Je le remerciai machinalement en lui souhaitant un bel après-midi et m'activai en direction du stationnement à la recherche d'une DODGE CALIBER. Je la trouvai tout de suite et y embarquai sur la banquette arrière mallette noire et valise grise. Le moteur en marche, je pris la route de Campbellton, pensant être en paix avec moi-même... Cette fausse quiétude ne dura que quelques instants, car la plus banale des questions se mit à hanter mon intellect:
-Comment avais-je pu répondre C'EST UN DODGE, ÇA?

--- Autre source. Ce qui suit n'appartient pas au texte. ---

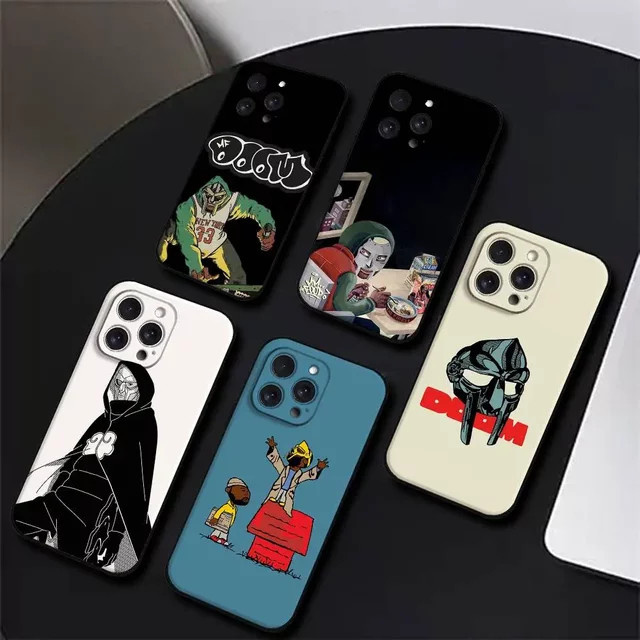 W-MFs-e-DOOMs-Rapper Handyhülle aus schwarzem Silikon für iPhone 11 bis iPhone 17 Modelle - Bild 1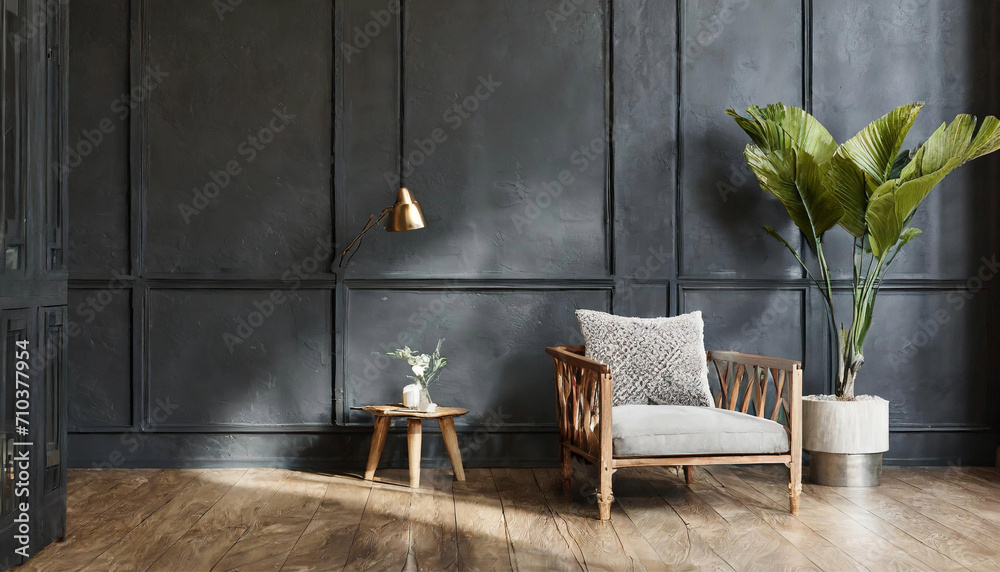 Modern dark home interior background, wall mock up, 3d render Modern dark home interior background, wall mock up, 3d render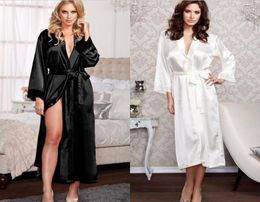 Unisex mens Ladies womens Solid plain rayon silk long Robe Pajama Lingerie Nightdress Kimono Gown pjs Women Dress 6 colors7058162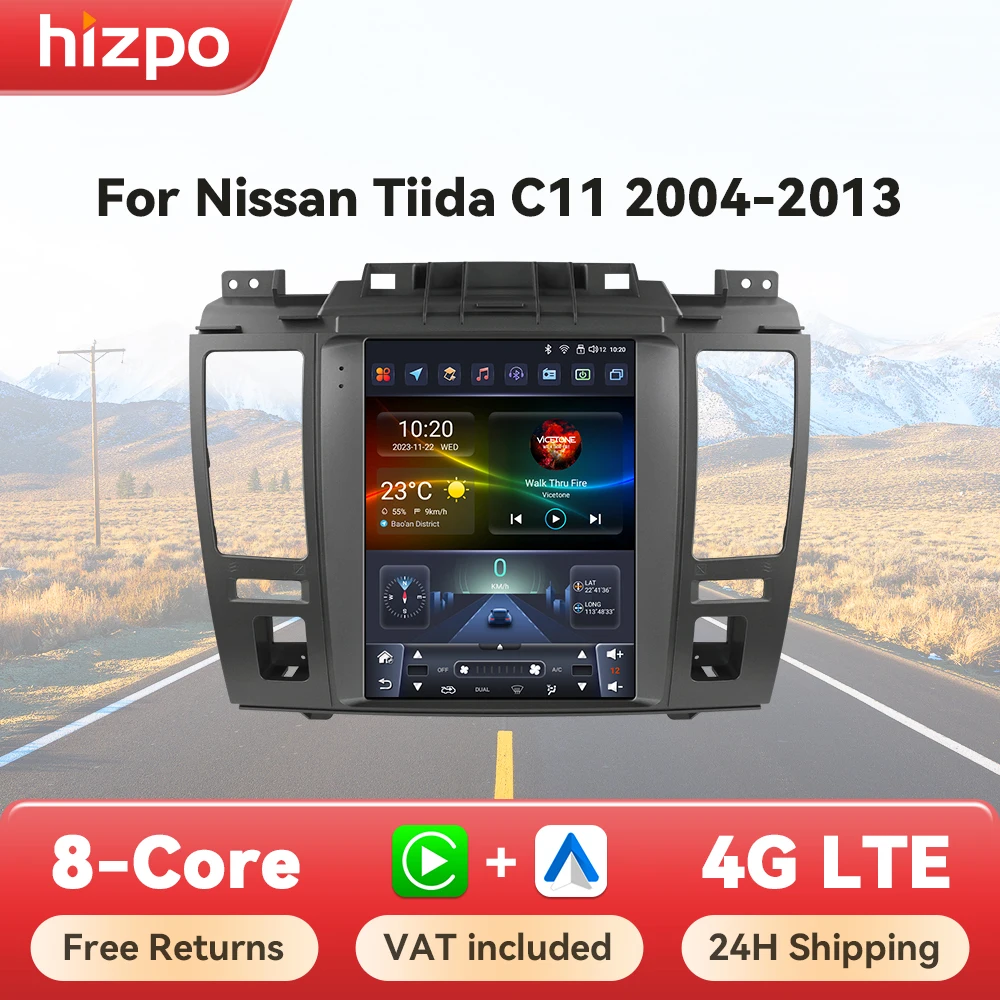 Hizpo für Tesla-Stil Carplay-Autoradio für Nissan Tiida C11 2013-2017 2din Multimedia-Player GPS-Navigation 2004 Zoll Android 13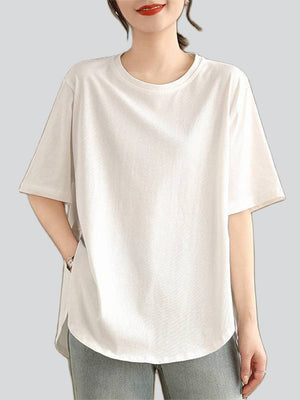 Plus Size Loose Side Split Solid Color T-shirts for Women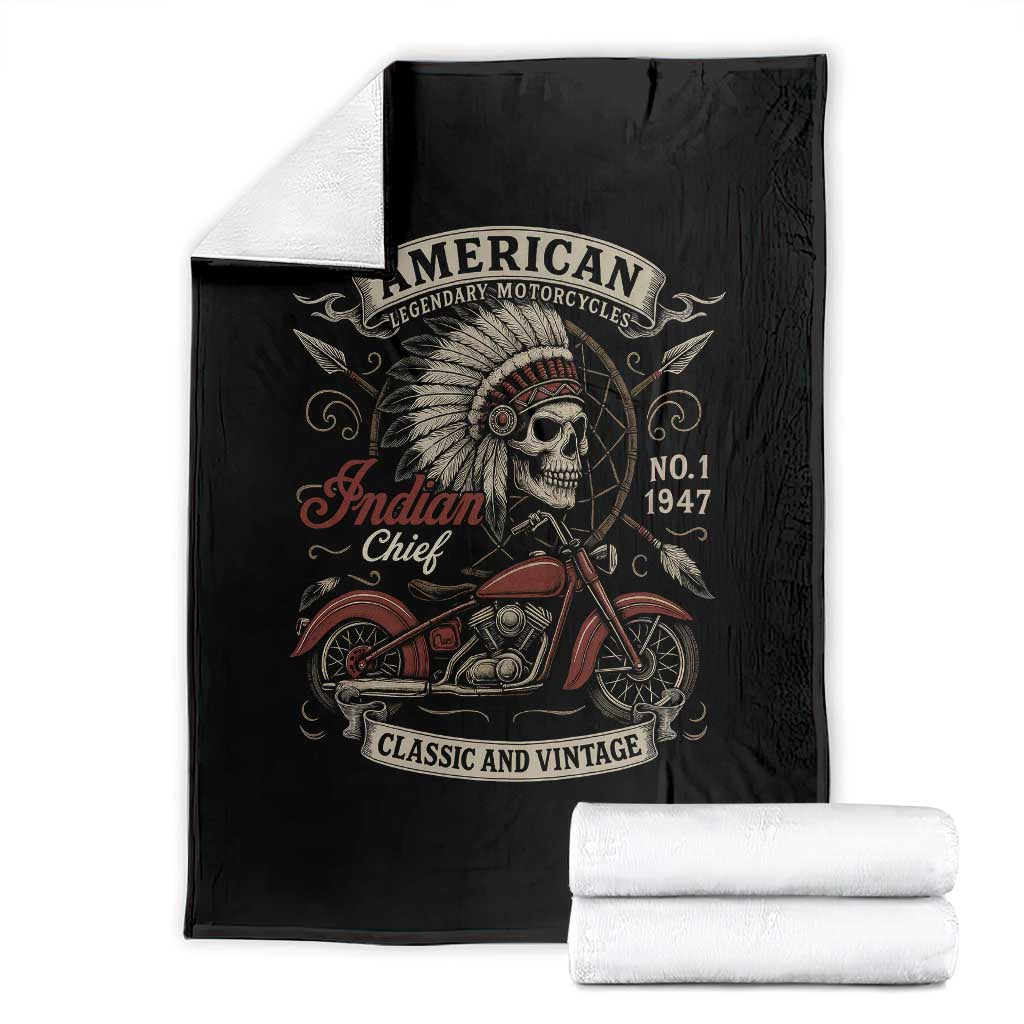 American Legendary Motorcycle Indian Chief Throw Blanket No 1 Classic And Vintage Skull TS11 Black Print Your Wear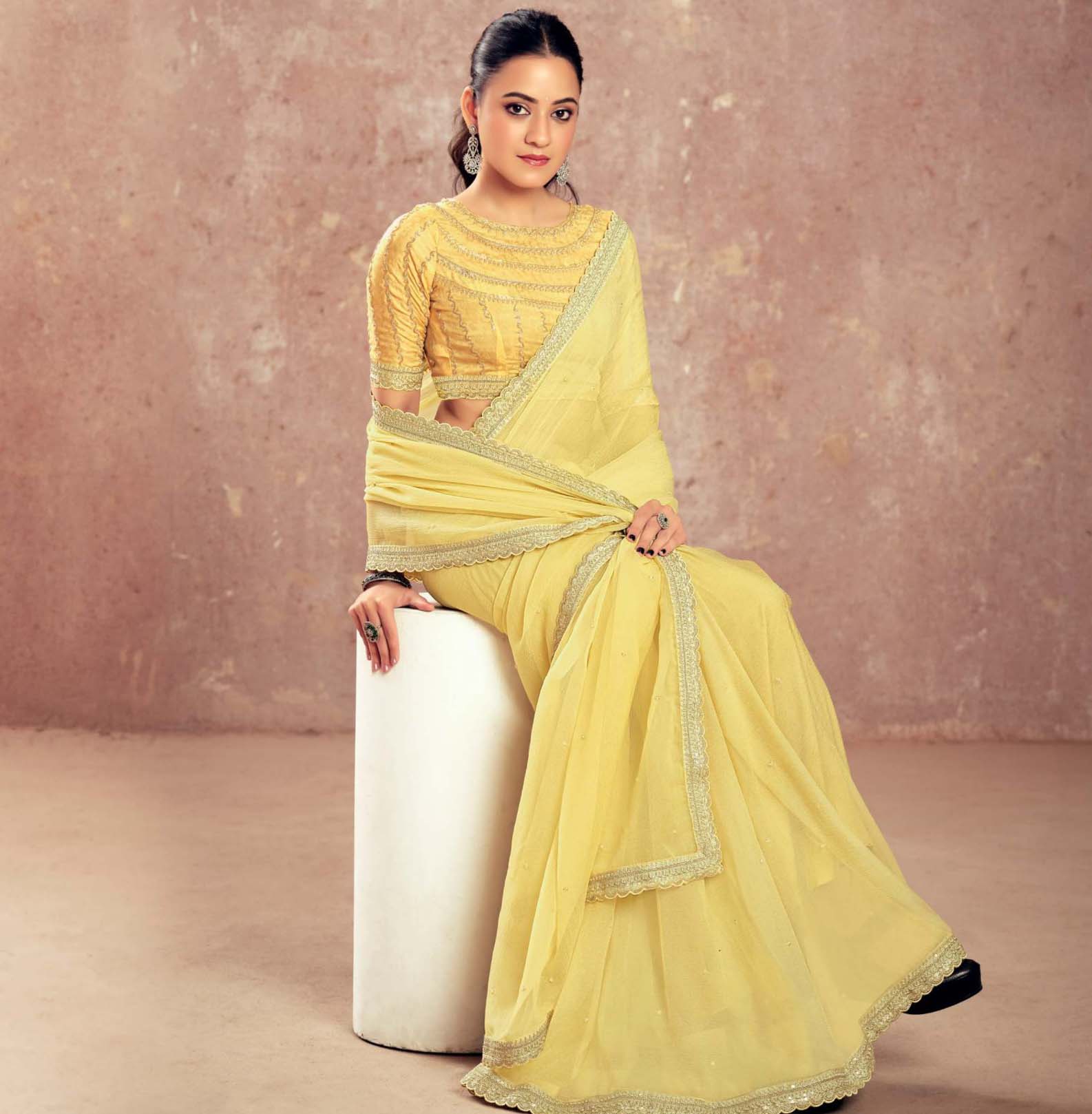 Sirona Fashion Shamika Kivi Crunchy Chiffon Wholesale Designer Sarees Catalog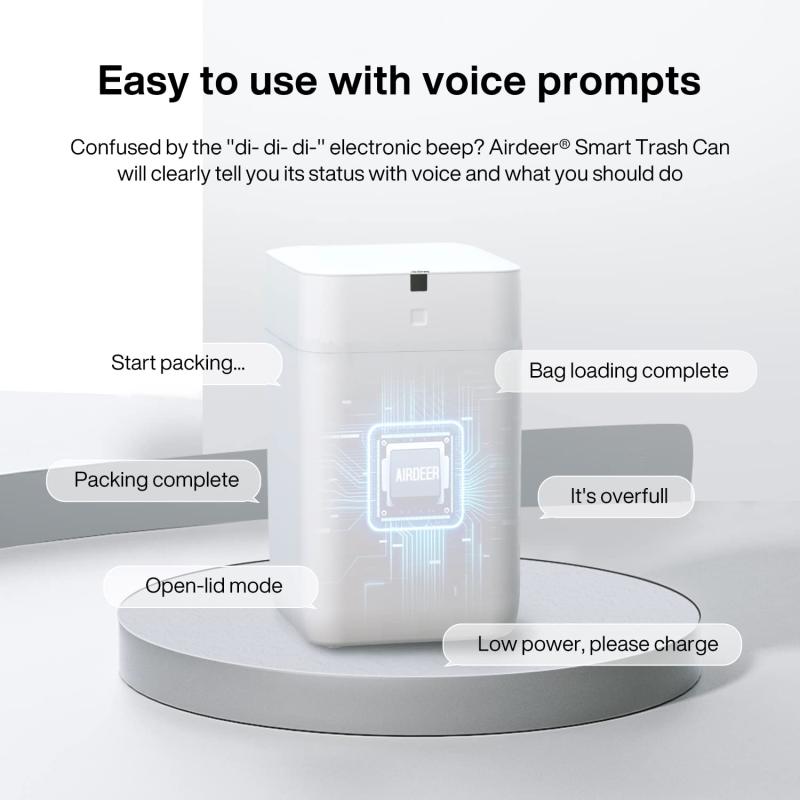 Airdeer 全自動ゴミ箱 自動梱包 自動開閉 15L 電動ゴミ箱 センサー付き 生ゴミ キッチン オムツ 猫砂 日本語音声ガイド機能 ホワイト(本体セット+補充用袋リング6個)｜ソファポテト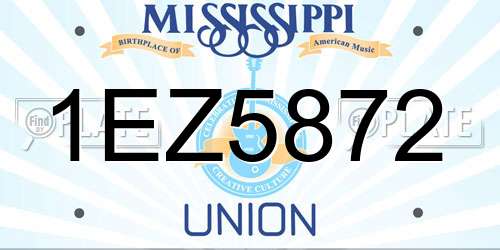 1EZ5872 Mississippi License Plate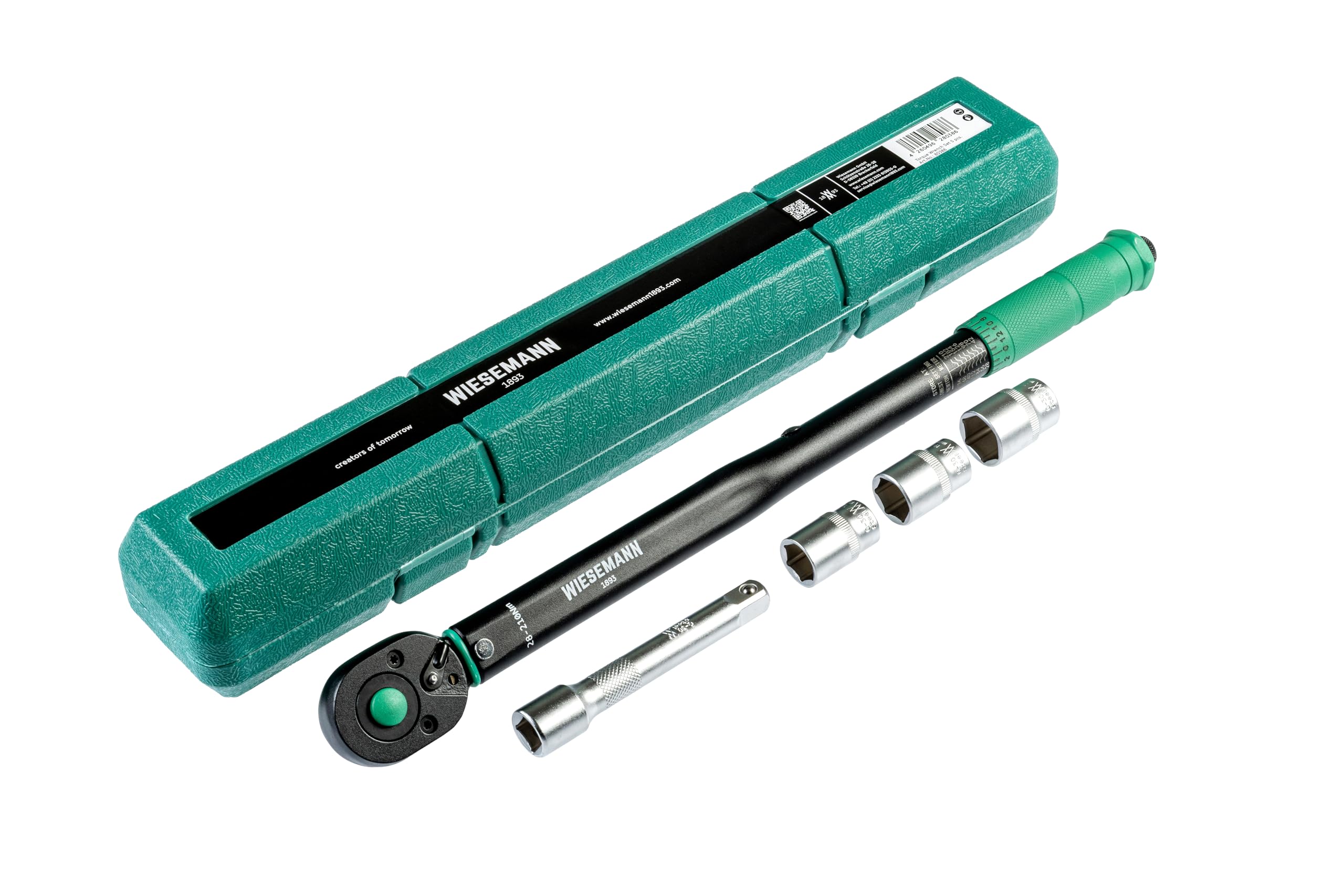 WIESEMANN 1893 Torque Wrench Set 1/2 inch with Extension and 17, 19, 21 mm Socket from Automatically Triggered with clockwise Tightening & Dual Scale | Made from Chrome-Plated CV Steel | 80386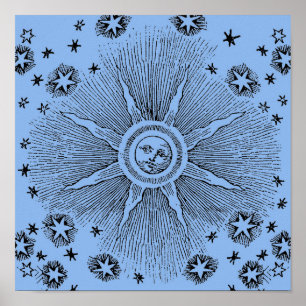 Poster Étoiles du Soleil Ciel Nocturne Antique Zodiaque M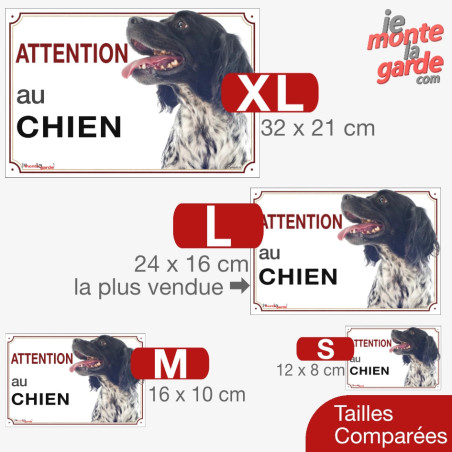 Epagneul Breton, plaque portail "Attention au Chien" résiste dehors, 4 Tailles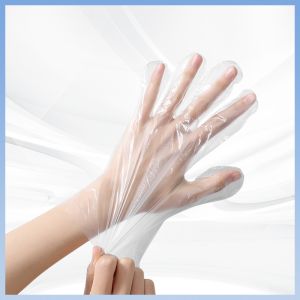 Food Handling Transparent Disposable Polythene Gloves Temperature Resistance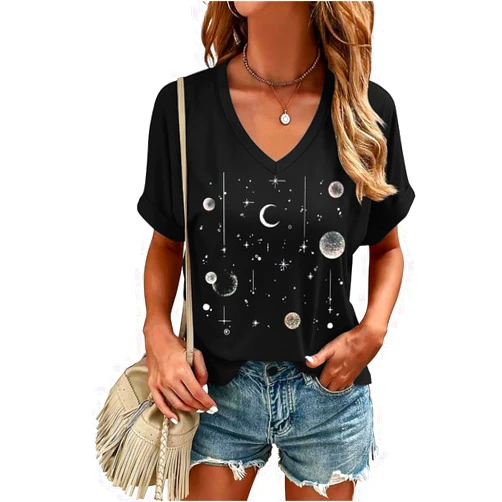 Beopjesk Casual V-Neck Graphic Tees for Women Summer Cute Short Sleeve Holiday Family Match T-Shirt Tops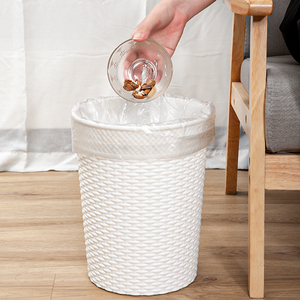 Hasır şekli yüzey ile 10L yuvarlak çöp kutusu ev kullanımı ayakta yapısı çöp tenekesi atık yönetimi için kapak stili olmadan - Product Image 2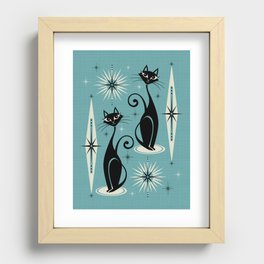Mid Century Meow Retro Atomic Cats on Blue Recessed Framed Print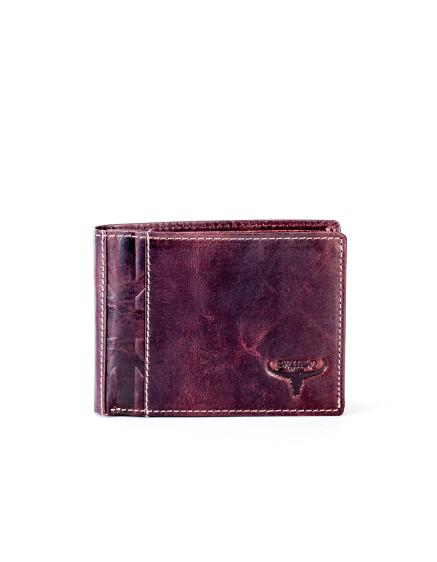 Hnedá pánska kožená peňaženka s vyrazeným emblémom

Il te faut savoir, Gibus, et je le sais encore plus moi-même, que les autos n'ont jamais suscité mon intérêt. Je n'ai jamais lu les chroniques automobiles. Au contraire de plusieurs de mes connaissances, je n'ai jamais su retenir le nombre de pistons, le nombre de chevaux-vapeur, les cylindrées, leur consommation en essence, et encore moins les noms et sobriquets des nombreux modèles des divers constructeurs. Certes, je n'avais jamais oublié la Ford Meteor de Mutt, sa Ford Galaxie, ma première Datsun orange-brûlée, ma Plymouth Voyager et ma Hyundai Sante Fe, j'en conviens aisément. Mais... Dès lors, comment avais-je pu suggérer le mot DODGE? Et CALIBER, du jamais entendu auparavant! Pourquoi avais-je pu relier soudainement ces deux mots? Comment avais-je pu retenir que la compagnie Dodge possédait une CALIBER dans son écurie? Et par quelle astuce Dodge avait-elle pu affubler cette auto trop noire au museau trop gros du vocable CALIBER, du nom de l'unité de mesure d'un cylindre quelconque?
Le chemin Bathurst-Campbellton fait bien une centaine de kilomètres. Ils ne me suffirent pas à trouver une explication valable et malgré des dizaines de tentatives de recoupements mon cerveau ne put se libérer lui-même de sa hantise.